*What this task involves*: Your output should consist solely of the lines from the one with "Kravet 32819.116 Muller Stone Fabric" through the end of the records, reproduced exactly, both ends included.
*** Opening Given data ***
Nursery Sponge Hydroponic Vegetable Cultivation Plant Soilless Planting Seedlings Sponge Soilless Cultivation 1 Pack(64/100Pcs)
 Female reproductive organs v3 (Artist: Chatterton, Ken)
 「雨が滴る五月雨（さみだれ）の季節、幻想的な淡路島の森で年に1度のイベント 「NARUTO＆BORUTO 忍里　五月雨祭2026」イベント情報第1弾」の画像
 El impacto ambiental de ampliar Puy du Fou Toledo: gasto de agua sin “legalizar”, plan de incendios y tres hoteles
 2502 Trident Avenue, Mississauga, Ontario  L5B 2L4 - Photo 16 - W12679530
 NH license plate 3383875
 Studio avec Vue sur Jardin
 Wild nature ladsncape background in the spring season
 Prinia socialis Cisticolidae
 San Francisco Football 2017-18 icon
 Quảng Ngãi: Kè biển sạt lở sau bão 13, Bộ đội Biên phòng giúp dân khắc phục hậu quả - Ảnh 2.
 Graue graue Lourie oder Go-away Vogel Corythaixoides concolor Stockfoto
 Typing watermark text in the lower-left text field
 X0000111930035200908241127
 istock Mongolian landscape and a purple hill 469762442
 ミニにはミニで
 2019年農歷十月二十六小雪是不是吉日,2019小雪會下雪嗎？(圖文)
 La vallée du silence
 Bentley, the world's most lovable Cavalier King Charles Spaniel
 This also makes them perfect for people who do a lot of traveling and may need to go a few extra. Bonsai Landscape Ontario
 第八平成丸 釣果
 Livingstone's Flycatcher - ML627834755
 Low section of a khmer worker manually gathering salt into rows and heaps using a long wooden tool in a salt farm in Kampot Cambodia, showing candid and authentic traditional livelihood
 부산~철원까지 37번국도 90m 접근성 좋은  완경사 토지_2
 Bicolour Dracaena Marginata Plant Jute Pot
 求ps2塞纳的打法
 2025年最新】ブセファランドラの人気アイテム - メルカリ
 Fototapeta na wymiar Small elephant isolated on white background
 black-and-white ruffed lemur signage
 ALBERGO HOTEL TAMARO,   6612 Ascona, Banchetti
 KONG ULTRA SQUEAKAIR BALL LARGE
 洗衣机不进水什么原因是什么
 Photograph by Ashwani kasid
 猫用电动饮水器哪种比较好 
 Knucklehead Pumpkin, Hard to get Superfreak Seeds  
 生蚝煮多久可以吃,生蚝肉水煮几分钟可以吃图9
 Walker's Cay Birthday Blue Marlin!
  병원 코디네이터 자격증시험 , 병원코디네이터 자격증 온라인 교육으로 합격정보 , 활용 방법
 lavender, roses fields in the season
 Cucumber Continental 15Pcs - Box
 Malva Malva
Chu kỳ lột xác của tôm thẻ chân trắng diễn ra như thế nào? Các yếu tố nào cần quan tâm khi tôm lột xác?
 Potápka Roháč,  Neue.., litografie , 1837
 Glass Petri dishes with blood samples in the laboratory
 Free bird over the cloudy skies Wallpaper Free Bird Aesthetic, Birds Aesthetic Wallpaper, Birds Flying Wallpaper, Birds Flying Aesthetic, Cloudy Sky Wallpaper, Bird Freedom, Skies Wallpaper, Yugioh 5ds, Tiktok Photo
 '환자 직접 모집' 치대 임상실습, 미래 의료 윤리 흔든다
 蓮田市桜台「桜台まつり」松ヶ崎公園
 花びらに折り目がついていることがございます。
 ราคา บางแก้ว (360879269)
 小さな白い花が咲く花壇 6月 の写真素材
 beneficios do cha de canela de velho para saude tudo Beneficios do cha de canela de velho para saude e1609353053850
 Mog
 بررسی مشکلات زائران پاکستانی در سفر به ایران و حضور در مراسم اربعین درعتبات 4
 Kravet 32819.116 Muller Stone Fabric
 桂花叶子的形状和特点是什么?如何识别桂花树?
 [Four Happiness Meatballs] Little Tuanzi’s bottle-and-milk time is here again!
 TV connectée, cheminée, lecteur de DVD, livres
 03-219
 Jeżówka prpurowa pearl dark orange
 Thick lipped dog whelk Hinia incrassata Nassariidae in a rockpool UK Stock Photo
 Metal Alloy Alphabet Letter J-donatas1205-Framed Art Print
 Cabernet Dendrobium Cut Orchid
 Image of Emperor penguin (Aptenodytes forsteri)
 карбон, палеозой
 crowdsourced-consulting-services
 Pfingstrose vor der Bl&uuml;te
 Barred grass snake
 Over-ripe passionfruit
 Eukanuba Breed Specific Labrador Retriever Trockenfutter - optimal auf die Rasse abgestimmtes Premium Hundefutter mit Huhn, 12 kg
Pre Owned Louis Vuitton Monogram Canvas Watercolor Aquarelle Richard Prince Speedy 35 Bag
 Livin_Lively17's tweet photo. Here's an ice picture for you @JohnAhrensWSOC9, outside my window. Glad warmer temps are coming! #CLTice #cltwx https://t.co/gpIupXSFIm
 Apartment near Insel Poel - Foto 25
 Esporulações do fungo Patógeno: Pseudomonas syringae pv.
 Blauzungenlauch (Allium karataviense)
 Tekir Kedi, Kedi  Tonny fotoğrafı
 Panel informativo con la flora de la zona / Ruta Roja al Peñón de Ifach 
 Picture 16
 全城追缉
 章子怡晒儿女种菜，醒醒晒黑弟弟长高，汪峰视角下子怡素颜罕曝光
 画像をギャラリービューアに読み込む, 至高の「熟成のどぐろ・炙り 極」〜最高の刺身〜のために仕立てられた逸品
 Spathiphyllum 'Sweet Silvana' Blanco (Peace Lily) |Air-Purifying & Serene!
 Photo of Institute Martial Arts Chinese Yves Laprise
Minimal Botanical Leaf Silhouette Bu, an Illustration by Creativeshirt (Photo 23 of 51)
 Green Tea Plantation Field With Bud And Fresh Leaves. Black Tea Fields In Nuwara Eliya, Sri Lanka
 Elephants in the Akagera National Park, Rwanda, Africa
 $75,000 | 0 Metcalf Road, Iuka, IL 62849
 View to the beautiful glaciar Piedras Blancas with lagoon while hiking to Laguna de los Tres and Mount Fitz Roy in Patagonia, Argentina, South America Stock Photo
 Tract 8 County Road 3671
*** Closing Given data ***
*Written response*:
 Kravet 32819.116 Muller Stone Fabric
 桂花叶子的形状和特点是什么?如何识别桂花树?
 [Four Happiness Meatballs] Little Tuanzi’s bottle-and-milk time is here again!
 TV connectée, cheminée, lecteur de DVD, livres
 03-219
 Jeżówka prpurowa pearl dark orange
 Thick lipped dog whelk Hinia incrassata Nassariidae in a rockpool UK Stock Photo
 Metal Alloy Alphabet Letter J-donatas1205-Framed Art Print
 Cabernet Dendrobium Cut Orchid
 Image of Emperor penguin (Aptenodytes forsteri)
 карбон, палеозой
 crowdsourced-consulting-services
 Pfingstrose vor der Bl&uuml;te
 Barred grass snake
 Over-ripe passionfruit
 Eukanuba Breed Specific Labrador Retriever Trockenfutter - optimal auf die Rasse abgestimmtes Premium Hundefutter mit Huhn, 12 kg
Pre Owned Louis Vuitton Monogram Canvas Watercolor Aquarelle Richard Prince Speedy 35 Bag
 Livin_Lively17's tweet photo. Here's an ice picture for you @JohnAhrensWSOC9, outside my window. Glad warmer temps are coming! #CLTice #cltwx https://t.co/gpIupXSFIm
 Apartment near Insel Poel - Foto 25
 Esporulações do fungo Patógeno: Pseudomonas syringae pv.
 Blauzungenlauch (Allium karataviense)
 Tekir Kedi, Kedi  Tonny fotoğrafı
 Panel informativo con la flora de la zona / Ruta Roja al Peñón de Ifach 
 Picture 16
 全城追缉
 章子怡晒儿女种菜，醒醒晒黑弟弟长高，汪峰视角下子怡素颜罕曝光
 画像をギャラリービューアに読み込む, 至高の「熟成のどぐろ・炙り 極」〜最高の刺身〜のために仕立てられた逸品
 Spathiphyllum 'Sweet Silvana' Blanco (Peace Lily) |Air-Purifying & Serene!
 Photo of Institute Martial Arts Chinese Yves Laprise
Minimal Botanical Leaf Silhouette Bu, an Illustration by Creativeshirt (Photo 23 of 51)
 Green Tea Plantation Field With Bud And Fresh Leaves. Black Tea Fields In Nuwara Eliya, Sri Lanka
 Elephants in the Akagera National Park, Rwanda, Africa
 $75,000 | 0 Metcalf Road, Iuka, IL 62849
 View to the beautiful glaciar Piedras Blancas with lagoon while hiking to Laguna de los Tres and Mount Fitz Roy in Patagonia, Argentina, South America Stock Photo
 Tract 8 County Road 3671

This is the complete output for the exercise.